Googleは、WindowsでのChromeのビデオ再生のアップグレードをテストしています。HardwareSecureDecryptionAv1と呼ばれる新機能は、保護されたコンテンツのAV1ビデオストリーミングを改善し、対応デバイスでのよりスムーズな4K再生を実現します。

AV1は、VP9やH.264のような古いフォーマットと比べて、より低いファイルサイズで高品質なビデオを提供するために設計された現代的なビデオコーデックです。しかし、すべてのハードウェアとソフトウェアがまだAV1を完全にサポートしているわけではありません。Googleは、適切なハードウェアを持つWindowsデバイスでAV1のデコーディングが安全に機能することを保証しています。

さらに、GoogleはPlayReady(MicrosoftのDRMシステム)がビデオフォーマットを処理する方法を調整しています。PlayReadyが最初にH.264とHEVCのみをサポートするため、Googleは不要な処理を避けるために、VP9やAV1などのサポートされていないコーデックをPlayReadyのクエリから削除することを検討しています。

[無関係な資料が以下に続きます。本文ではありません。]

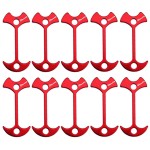 10pcs Fishbone Tent Stakes Pegs Lengthen Deck Nail Anchor Stopper Guyline Tensioner Camping Accessories(Red)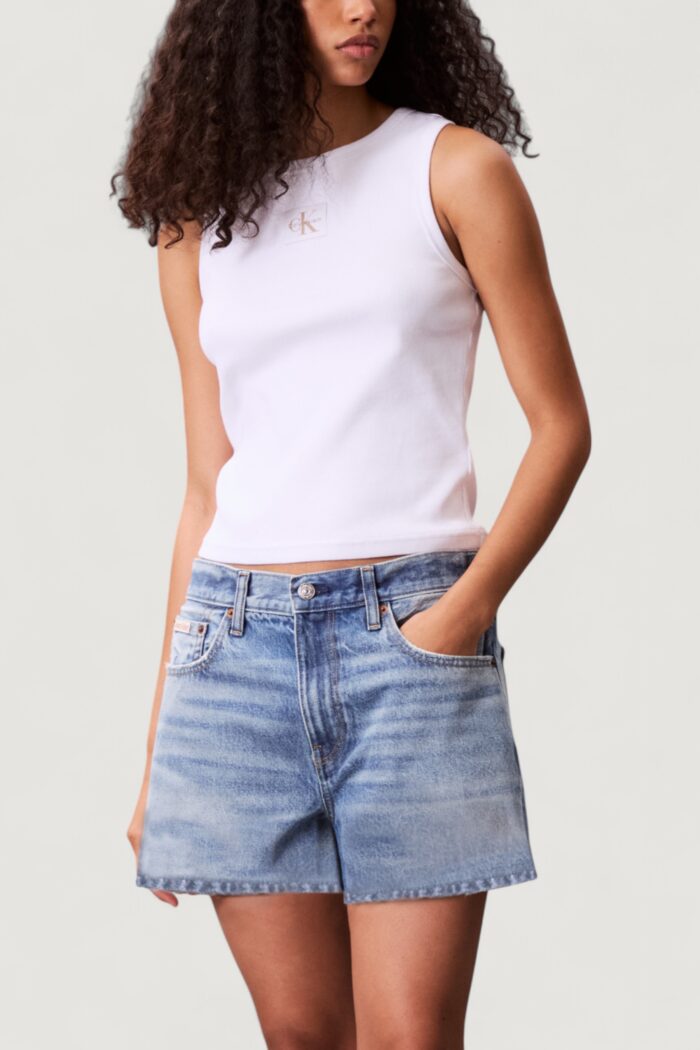Top Calvin Klein A – WOVEN LABEL 2X2 Bianco – LV047C201G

「media: Windows OS CDM AV1サポートのためのフィーチャーフラグを追加。ハードウェアセキュアOS CDM上でAV1コーデックを有効/無効にする新しいフィーチャーフラグHardwareSecureDecryptionAv1を追加します。」とGoogleはコミットメッセージで述べています。

ChromeのAV1テストがついにWindowsの4Kストリーミング問題を解決するかも

HardwareSecureDecryptionAv1フラグの説明は以下の通りです

ハードウェアとOSコンテンツデクリプションモジュール(CDM)がサポートされている場合、ハードウェアセキュアAV1デコーディングを有効にします。

このChromeのアップデートにより、デバイスがハードウェアセキュアAV1デコーディングをサポートしている場合、よりスムーズで高品質なビデオ再生を体験できるかもしれません。ただし、デバイスがAV1をサポートしていない場合は、ビデオはH.264やHEVCなどのフォーマットを引き続き使用し、変化を感じることはないでしょう。時間が経つにつれて、ストリーミングサービスやブラウザはAV1を徐々に広く採用し、より多くのユーザーにとって全体的な視聴体験が向上する可能性があります。

このGoogleの動きは、NetflixとDisney+がWindowsにAV1をもたらす可能性をついに開くかもしれません。AV1はすでにNetflix(Android/テレビ)やYouTubeで使用されていますが、Windows PCにはDRMコンテンツ(例:PlayReady/Widevine)のためのハードウェアセキュアAV1デコーディングが欠けています。ほとんどのプレミアムストリーミングサービスは4K/HDR再生にDRMを必要とします。

新しいChromeフラグは、GoogleがWindows用のAV1およびDRM統合をテストしていることを示しています。これにより、Netflixのようなプラットフォームは、テレビやモバイルデバイスと同様に、PCでAV1でエンコードされた4Kコンテンツを安全にストリーミングできるようになります。

さらに、Googleは新しいタブページに作成ボックスを追加する作業を進めており、ユーザーにChromeのPDFビューワーをデフォルトとして設定するように促すプロンプトをテストしています。また、Chrome Web Storeを訪れた際に、現在インストールされていない場合は拡張機能のインストールを提案します。